Serves 6. Recipe is by Corinne Cook, who says, “Boil the number of potatoes you need for supper. Smash the top of the potatoes, oil and season them, then pop them back in oven to heat and melt the cheese.”
6 to 10 (2-inch) potatoes with thin skins
2 tbls. olive oil
2 tbls. melted butter
Salt, black pepper and pinch of cayenne or chili powder
Chili powder, if desired
Cheddar, Parmesan or Monterrey Jack cheese, grated
1. Thoroughly wash potatoes and place in pot covered with water.
2. Generously salt water and bring to boil. Cover, reduce heat and continue cooking until potatoes are tender when pierced. Meanwhile, preheat oven to 400?F.
3. Drain potatoes and place on baking sheet. Using bottom of glass, flat meat mallet or small skillet, smash top of potato until sides begin to split.

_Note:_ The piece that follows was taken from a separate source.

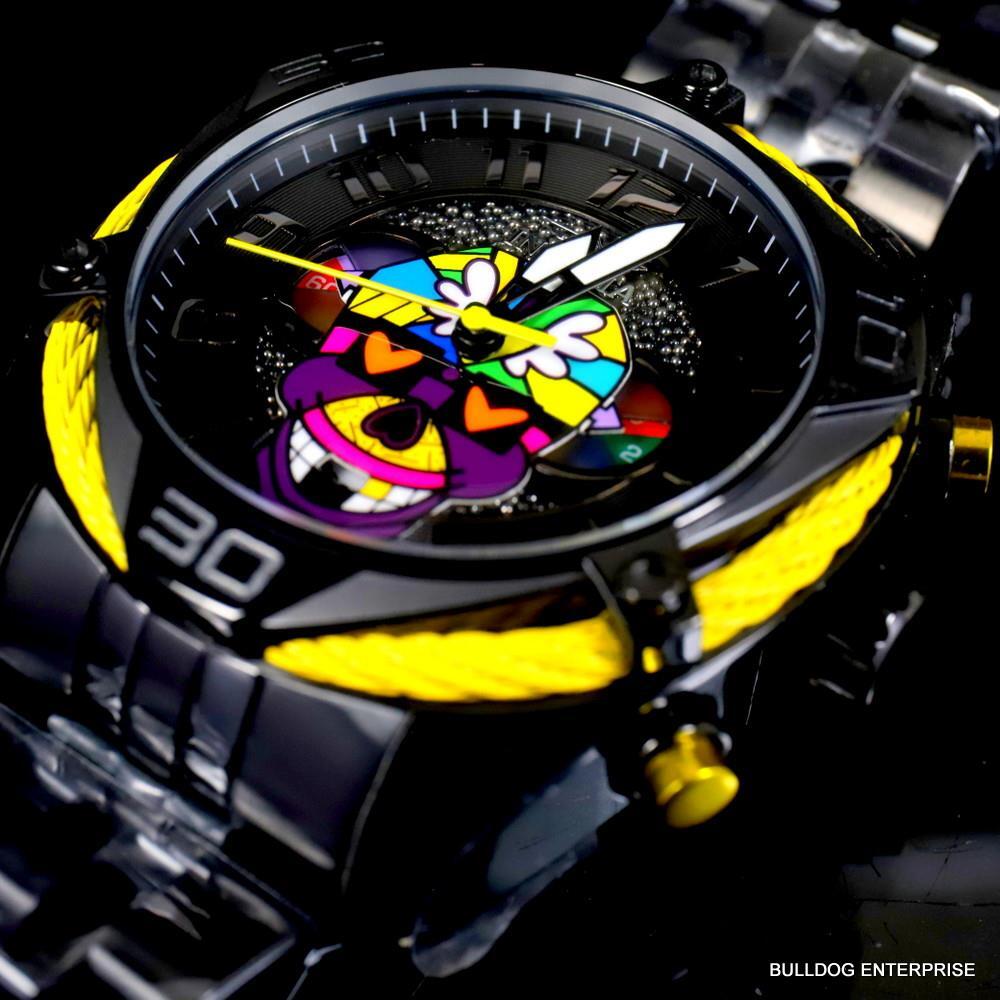 Invicta Romero Britto Modern Art Skull 47mm Black Stainless Steel Watch New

4. In small bowl, combine olive oil and butter. Using a knife, slightly spread potato top open. Brush or spoon butter-olive oil mixture over whole potato.
5. Season with salt, pepper, pinch of cayenne or chili powder if desired. Top with a pinch of grated cheese.
6. Place in preheated oven and bake until potatoes are hot and lightly browned on top, about 10-15 minutes.